After installing and enabling that module, the Views UI will give a new option in the Caching settings for "Custom Tag based" as opposed to the default "Tag based."

"Settings page labelled as Events Home: Caching. Options in a list are Custom Tag based, None, Tag based, and Time based."

"Settings page labelled Events Home: Caching options. It has one field, a long text with Custom tag list. The help text underneath specifies that you can put one tag per line. In this example, it uses node_list:event."
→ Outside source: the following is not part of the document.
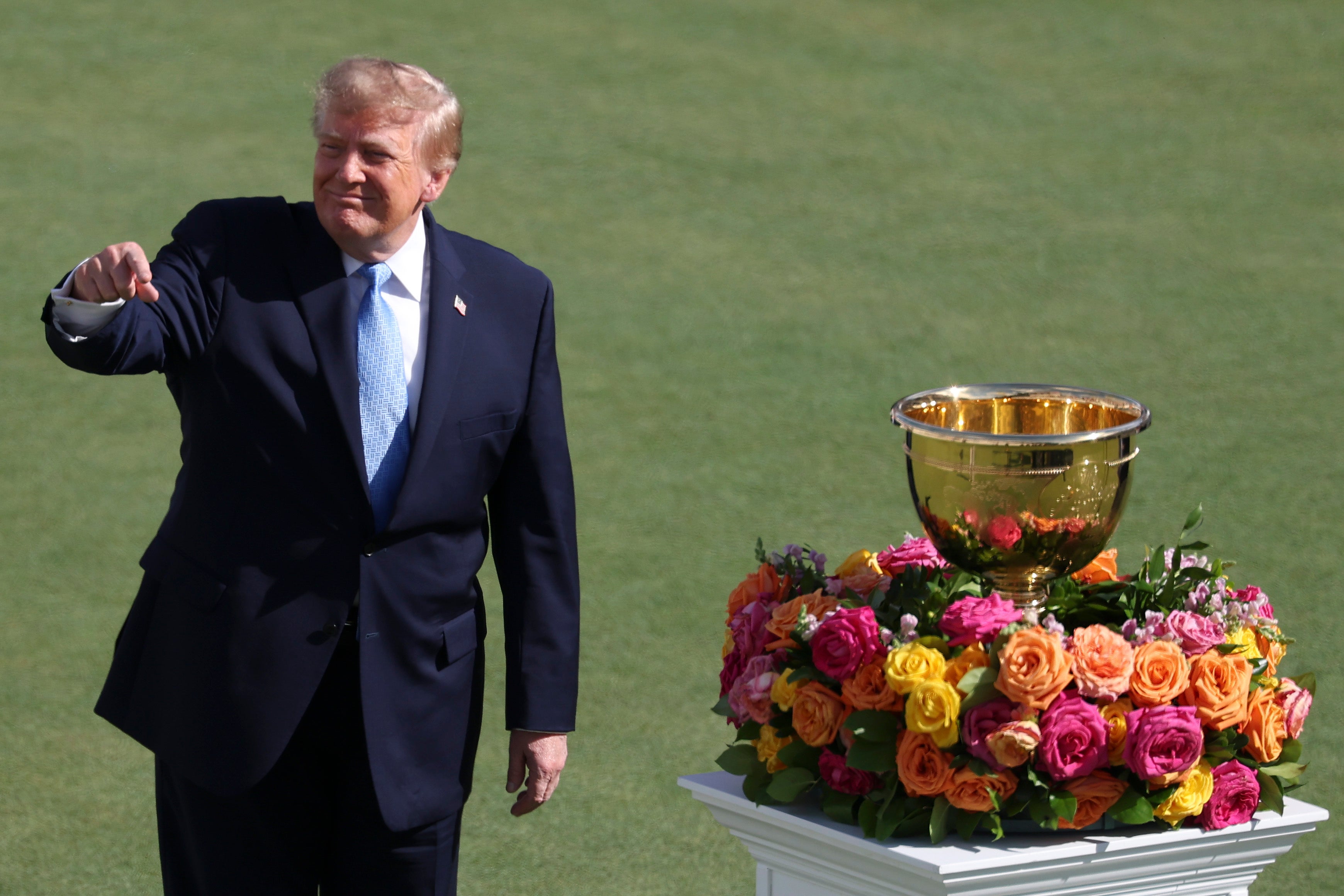 U.S. President Donald Trump reacts to the crowd on the first tee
That helps with narrowing down the frequency of caches to only those changes that matter. In this case, I can have a tag only for changes to events, not to changes of all nodes as would be default ,using node_list:event. There are a lot less events than there are total nodes, so this is a big performance improvement with the caches only being cleared a fraction as often.

Max-Age for Timing

A more precise tag doesn't help with another aspect of this view, though: timing. Only upcoming events should be shown. Since the nodes aren't changing at all at the moment that the time is past, you can't rely on tags.
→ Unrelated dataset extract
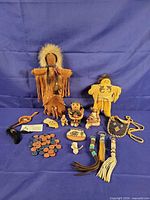 Overview of entire lot including dolls, storyteller figurines, dreamcatcher, keychains, canoe, beads, fetish bag and wooden tiles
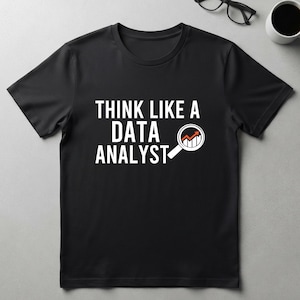 Peut inclure: Un t-shirt noir à manches courtes avec le texte blanc "THINK LIKE A DATA ANALYST" imprimé sur la poitrine. À côté du mot "ANALYST" se trouve une icône de loupe blanche contenant un petit graphique à barres avec une flèche orange ascendante.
You could use a short max age just to be safe - make it an hour and it will never be more than an hour out of date, not bad in the context of events - but that's not as efficient unless you're updating events a lot anyway. That would be clearing caches a lot when it doesn't need to.

That's when I realized I could be a little more creative about how to generate that max age. Instead of setting it to a specific value, I could write in PHP to use the difference in time between now and when the next event starts. If the view builds now with the next event two hours away, it will set the max-age to the number of seconds between now and that time. When it hits that time, it rebuilds, finding the next upcoming event and setting a max-age based on that instead. This will result in the content never being out of date, not even for a reasonable amount of time like an hour, and also never clears unnecessarily.
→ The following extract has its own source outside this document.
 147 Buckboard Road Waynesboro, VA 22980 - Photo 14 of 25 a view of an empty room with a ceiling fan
To do this, I added this code in my .theme file:

/**
 * Helper to get the timestamp until next event.
 *
 * @return int|null
 *   Time to next event's start.
 */
function _my_theme_get_time_to_next_event(): int|null {
  $now_datetime = new DrupalDateTime('now', new \DateTimeZone('UTC'));
  $now = $now_datetime->format(DateTimeItemInterface::DATETIME_STORAGE_FORMAT);

  // Get the next upcoming event.
  $node_ids = \Drupal::entityQuery('node')
    ->condition('type', 'event')
    ->condition('field_start', $now, '>')
    ->sort('field_start', 'ASC')
    ->range(0, 1)
    ->accessCheck(FALSE)
    ->execute();

  if (!empty($node_ids)) {
    $node = \Drupal::entityTypeManager()->getStorage('node')->load(reset($node_ids));
    if ($node instanceof NodeInterface) {
      $start_date_value = $node->get('field_start')->value;
      if (is_string($start_date_value)) {
        // 60 seconds is a minimum to allow for some buffer in build time.
        return max(60, strtotime($start_date_value) - strtotime($now));
      }
    }
  }
  return NULL;
}

/**
 * Implements hook_views_pre_render().
 *
 * Sets cache max-age on views with nodes
 * that can flip from visible to invisible
 * based on time.
 */
function my_theme_views_pre_render(ViewExecutable $view): void {
  if ($view->id() == 'events') {
    if (in_array($view->current_display, ['block_1', 'block_2'])) {
      // Cache until the next upcoming event starts.
      $view->element['#cache']['max-age'] = _my_theme_get_time_to_next_event() ?? Cache::PERMANENT;
    }
  }
}

Note: since Drupal 11.3, this would be possible to do with the new hook OOP implementation structure instead of being defined like this in the .theme file with a bunch of hooks and preprocessors, but the rest of the logic would be the same.